Following program is close but runs into index error. I found the bug and fixed it. Can you? I found a simple dependence of A[i][j] on i and j. The line marked with ***1 is unneeded, and the dependence of a[i][j] on with the previous row can be eliminated on the line marked ***2 . Can you find a simplification?

Code:

def f(n):
    '''
        whacko array creator
        >>> f(4) == [[1,2,3],[0,3,4],[0,0,5]]
        True
    '''
    A = [[0 for i in range(n - 1)] for j in range(n - 1)]
    A[0][:] = range(1, n) # first row  ******1
    for i in range(1, n - 1): # (yes, this range would need to change as well to answer the second question)
        for j in range(i, n):
            A[i][j] = A[i-1][j] + 1  # ******2
    return A

[mrhlth]

Originally Posted by b49P23TIvg

Following program is close but runs into index error.
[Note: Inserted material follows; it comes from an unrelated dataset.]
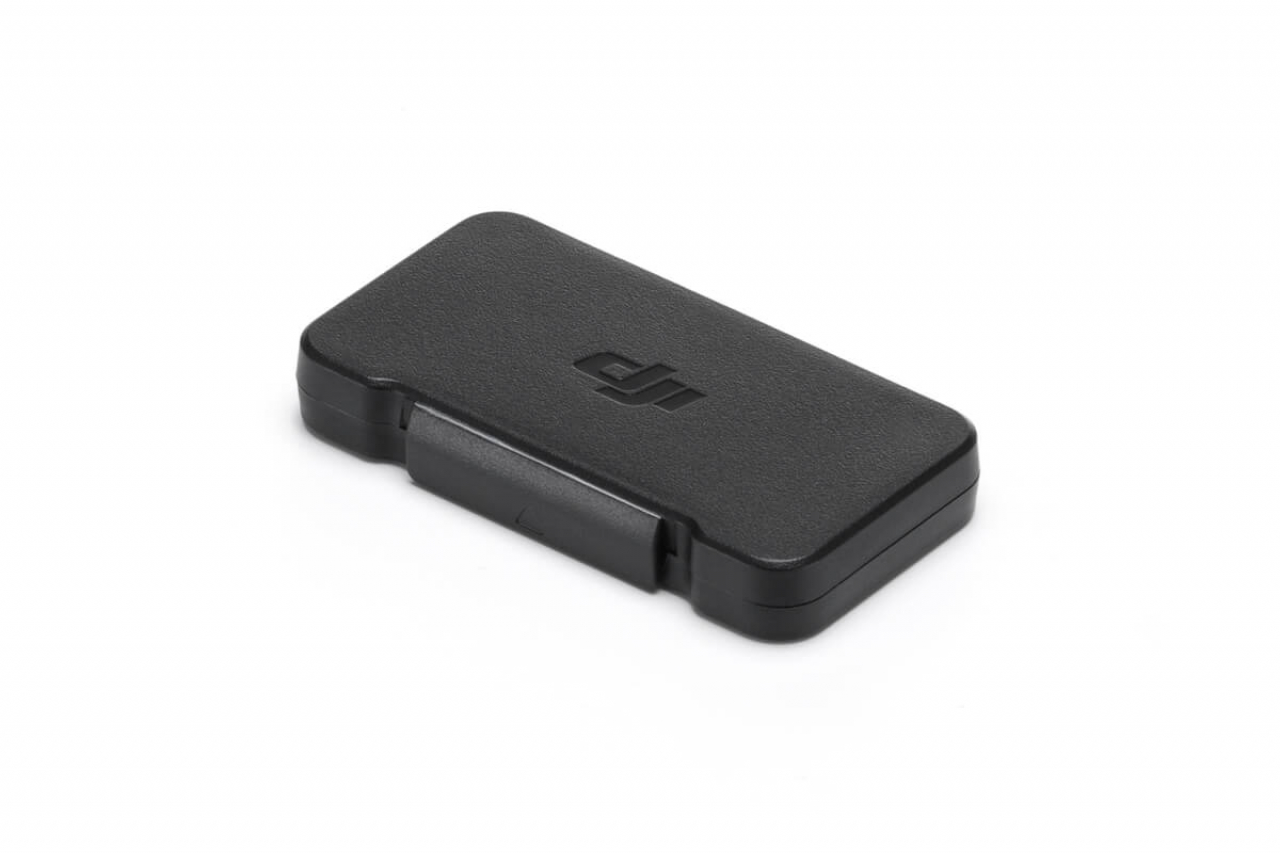 Dji Dji - Flip ND Filters Set (ND16/64/256)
I found the bug and fixed it. Can you? I found a simple dependence of A[i][j] on i and j. The line marked with ***1 is unneeded, and the dependence of a[i][j] on with the previous row can be eliminated on the line marked ***2 . Can you find a simplification?

Code:

def f(n):
    '''
        whacko array creator
        >>> f(4) == [[1,2,3],[0,3,4],[0,0,5]]
        True
    '''
    A = [[0 for i in range(n - 1)] for j in range(n - 1)]
    A[0][:] = range(1, n) # first row  ******1
    for i in range(1, n - 1): # (yes, this range would need to change as well to answer the second question)
        for j in range(i, n):
            A[i][j] = A[i-1][j] + 1  # ******2
    return A

Thank you SO MUCH for your help! i found the bug and fixed it, now its giving me the correct answers! Thank you again!